Im Interview mit DW-WORLD.DE antwortet Professor Eike Weber vom Fraunhoferinsitut für Solare Energiesystem in Freiburg. Das 1981 gegründete Institut hat inzwischen über 800 Mitarbeiter und gilt als weltweit führend in der Solarenergieforschung. Vor allem steigern die Forscher die Leistungsfähigkeit und Wirtschaftlichkeit von Solarzellen, so dass diese gegenüber der konventionellen Stromproduktion immer konkurrenzfähiger werden. Mehrere Weltrekorde erzielten die Forscher in der Solarforschung.

Herr Weber, die Sonnenenergie boomt. Wärme und Strom wird auf Dächern erzeugt, solarthermische Großkraftwerke und große Photovoltaikparks produzieren immer kostengünstiger Strom. Die Weiterentwicklung der Fotovoltaik schreitet schnell voran. Wohin gehen die Entwicklungen?

Weber: Die Entwicklung geht erstens dahin, die Kosten der Sonnenenergie immer weiter zu senken und damit konkurrenzfähig zu werden, zunächst gegenüber den Haushaltsstrompreisen und dann gegenüber den Erzeugungskosten anderer Energiearten bis hin zur Kernenergie. Und wir sind da tatsächlich auf einem sehr guten Weg, denn durch die höheren Produktionsvolumina und durch entscheidende technische Fortschritte und Innovationen werden die Kosten gesenkt und die Effizienz erhöht.

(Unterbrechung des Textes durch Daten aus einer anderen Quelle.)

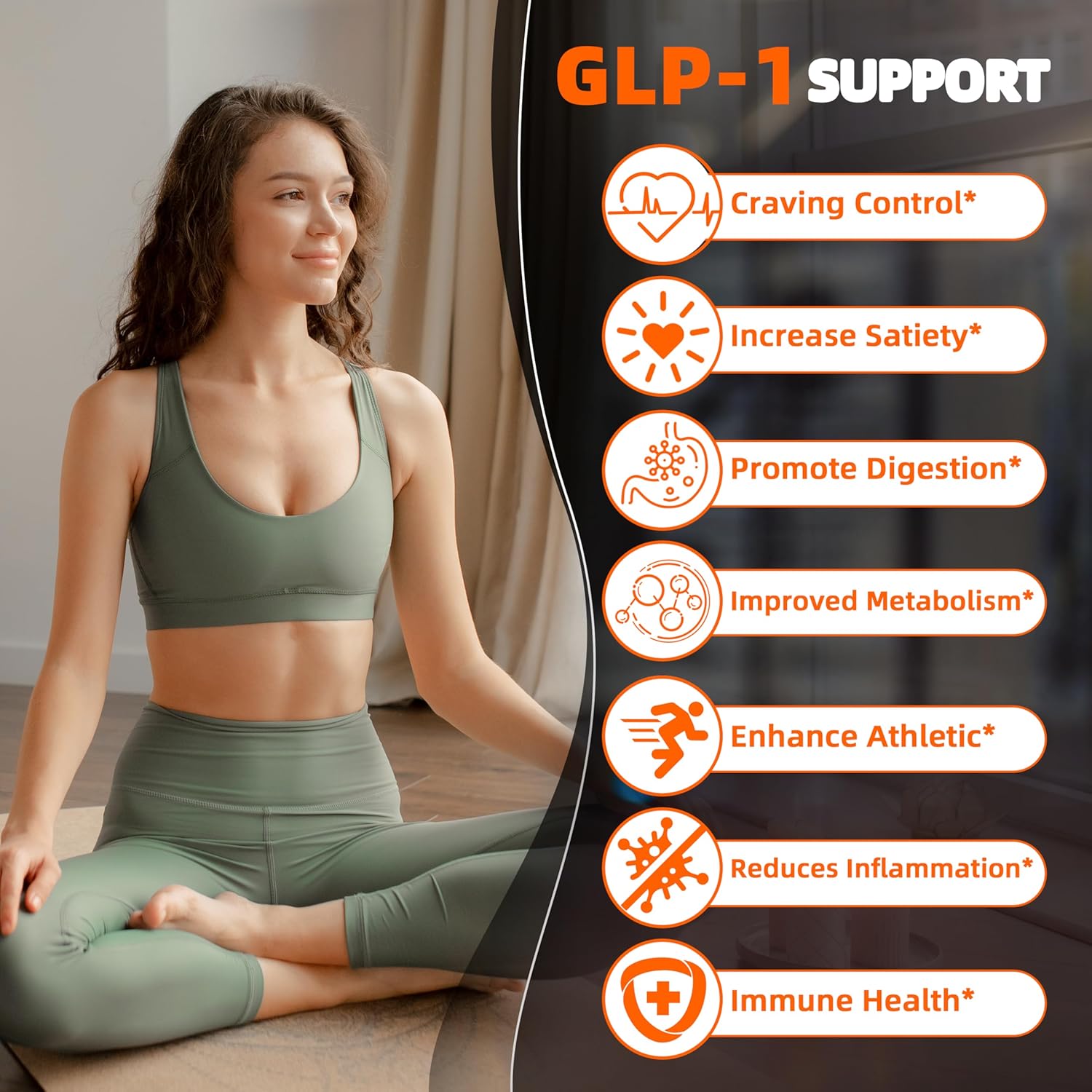 Natural GLP-1 Support Supplement for Gut Health, Digestion & Energy - 60 Capsules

Derzeit wird der Solarstrom noch bezuschusst und ist nicht konkurrenzfähig, ist denn da schon ein Ende absehbar?

Weber: Ja, das Ende ist sehr nahe, denn wir können aus den in Deutschland bestehenden Regelungen abschätzen, dass schon 2013 der Solarstrom gleich viel kostet wie der Haushaltsstrom oder sogar billiger sein wird. Das heißt, wenn jemand sich eine Solaranlage auf das Haus setzt, kann er schon konkret Geld sparen, selbst ohne Einspeisetarif, weil er dann seinen eigenen Strom günstiger produziert, als was er dem Elektrizitätswerk zahlen muss.

Die Sonnenenergie hat viel Potenzial. Stimmen die weltweiten Rahmenbedingungen für den schnellen Ausbau und die technologische Weiterentwicklung?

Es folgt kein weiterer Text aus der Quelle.